Will global warming affect corn and soybean yields in Kentucky in 2009? It is impossible to answer this question. As every farmer knows, there is a lot of variation in the weather from one year to the next in Kentucky (see Figure 1). For example, there was more than 15 inches of rain in the wettest summers at Henderson, KY (3 out of 31 years), but only about 5 inches (2 out of 31 years) in the driest years. Maximum temperature was a boiling hot 94 degrees in 1980 but it was almost chilly at less than 84 degrees as recently as 2004. These year-to-year fluctuations are much larger than the small yearly changes predicted by the global warming models. The 31 years of data from Henderson and other locations in western and central Kentucky don’t show any evidence that summers are getting any warmer, wetter or drier.

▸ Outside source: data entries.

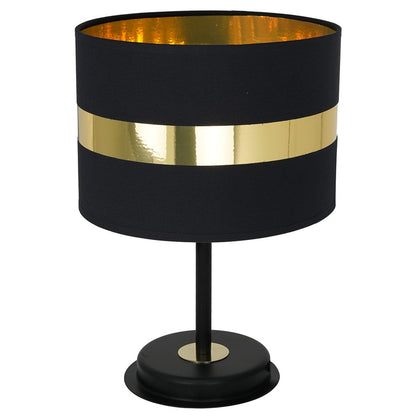Palmira Table Lamp Hand Made With Matt Black Fabric And Gold Detail
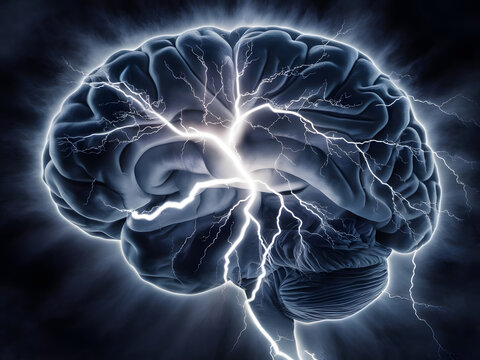 Cerebro humano con rayos de tormenta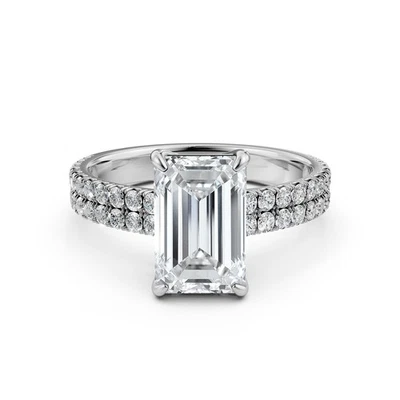 Emerald Diamond Engagement Prong Set Ring GIA Certified F Color VVS2 Clarity 1Ct - Image 1 of 3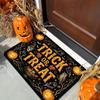 1pc TRICK OR TREAT Trick Or Treat Pumpkin Ghost Halloween Door Mat, 1.02cm Thick Absorbent Short Plush Material, Retro Halloween Cartoon Element Combi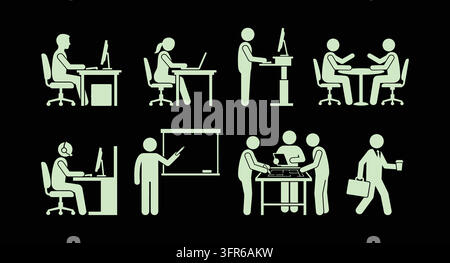 Business people working in office settings and meetings with employee Stock Vector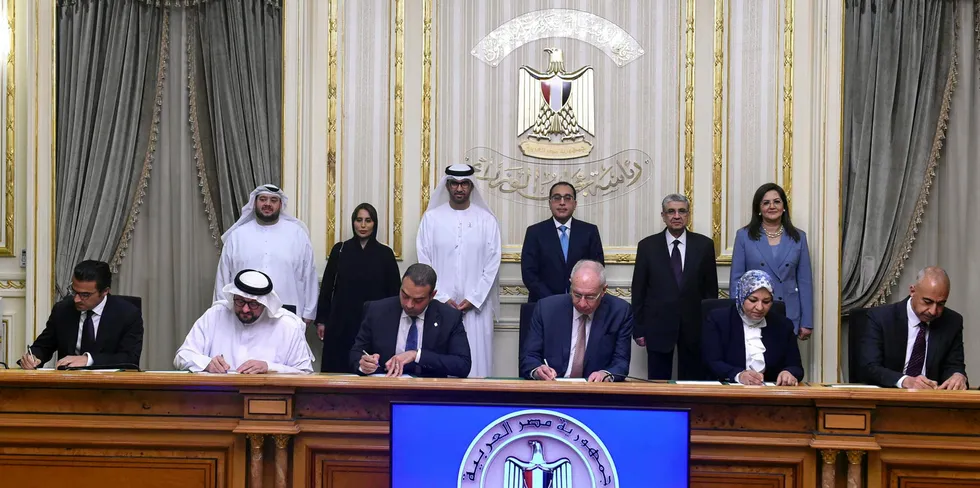 The MoU signing ceremony in Cairo on Sunday.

Yields in 2009 will depend upon the weather this summer. If we have plenty of rain yields will probably be high, if we don’t yields will be low. We don’t need global warming to get this variation. At the time this article when to press (Feb. 12, 2009) the long-range National Weather Service forecast for this summer is not very helpful, giving an equal chance of above- or below-normal precipitation and air temperature for June, July and August in Kentucky. No one knows for sure what the weather will do this summer, but if it turns out to be a bad year we shouldn’t blame it on global warming.